**To do:** In the records that follow, the lines from the one containing "Customized Jersey Flower" to the one containing "Meridian Furniture - Dolce", inclusive, are to be given again exactly.

**Records to use:**

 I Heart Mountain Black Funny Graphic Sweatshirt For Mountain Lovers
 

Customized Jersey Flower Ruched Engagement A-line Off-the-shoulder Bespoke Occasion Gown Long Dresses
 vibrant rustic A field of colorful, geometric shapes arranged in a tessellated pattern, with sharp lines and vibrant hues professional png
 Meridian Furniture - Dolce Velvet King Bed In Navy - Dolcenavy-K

--

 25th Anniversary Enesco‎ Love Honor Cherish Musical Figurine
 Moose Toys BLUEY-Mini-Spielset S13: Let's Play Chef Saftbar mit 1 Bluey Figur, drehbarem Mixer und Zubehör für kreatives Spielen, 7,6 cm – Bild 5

* * *

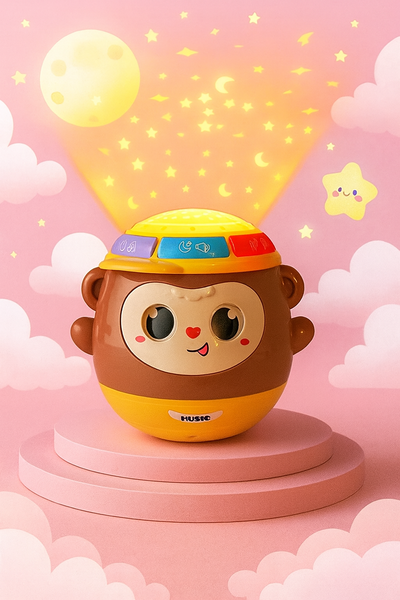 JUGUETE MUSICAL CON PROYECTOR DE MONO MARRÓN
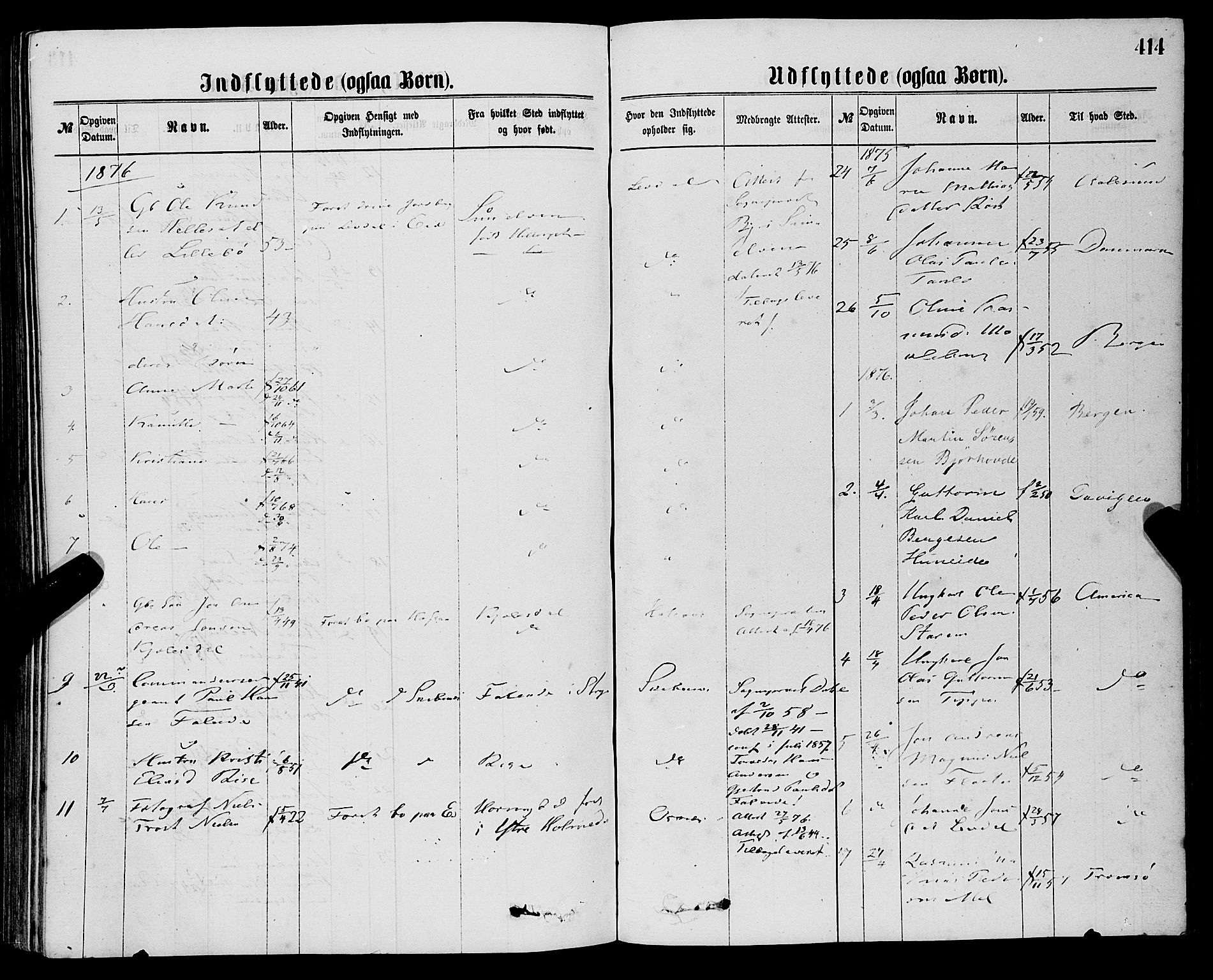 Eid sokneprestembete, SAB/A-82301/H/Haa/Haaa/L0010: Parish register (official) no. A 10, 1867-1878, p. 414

**Task output:**
Customized Jersey Flower Ruched Engagement A-line Off-the-shoulder Bespoke Occasion Gown Long Dresses
 vibrant rustic A field of colorful, geometric shapes arranged in a tessellated pattern, with sharp lines and vibrant hues professional png
 Meridian Furniture - Dolce Velvet King Bed In Navy - Dolcenavy-K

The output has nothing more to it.